··· Available data ···

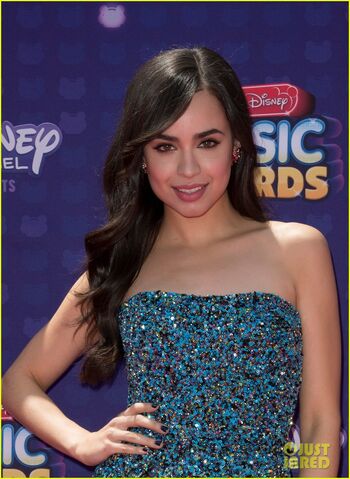 File:Sofia Carson.jpg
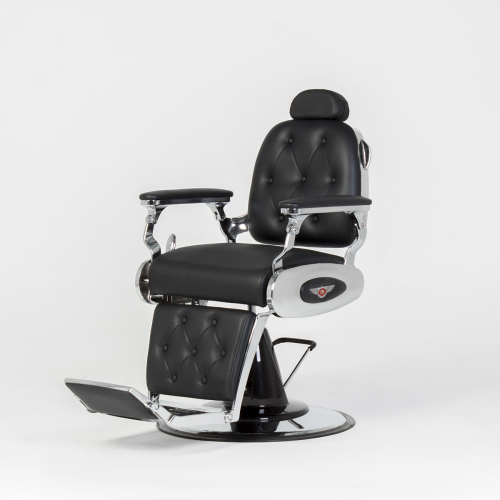 Барбер кресло "MT-9138"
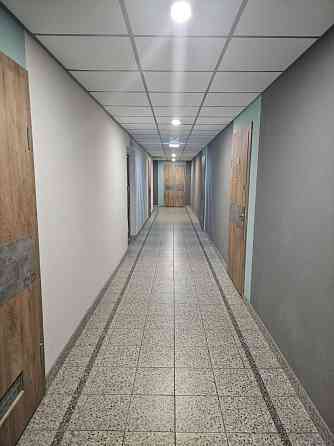 Продам  1 ком квартиру Одеса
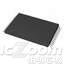 DS1501WE/TU0026R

···

[Exercise]: The whole listing, pictures excluded, should be output exactly.

[Your solution]:
 File:Sofia Carson.jpg
 Барбер кресло "MT-9138"
 Продам  1 ком квартиру Одеса
 DS1501WE/TU0026R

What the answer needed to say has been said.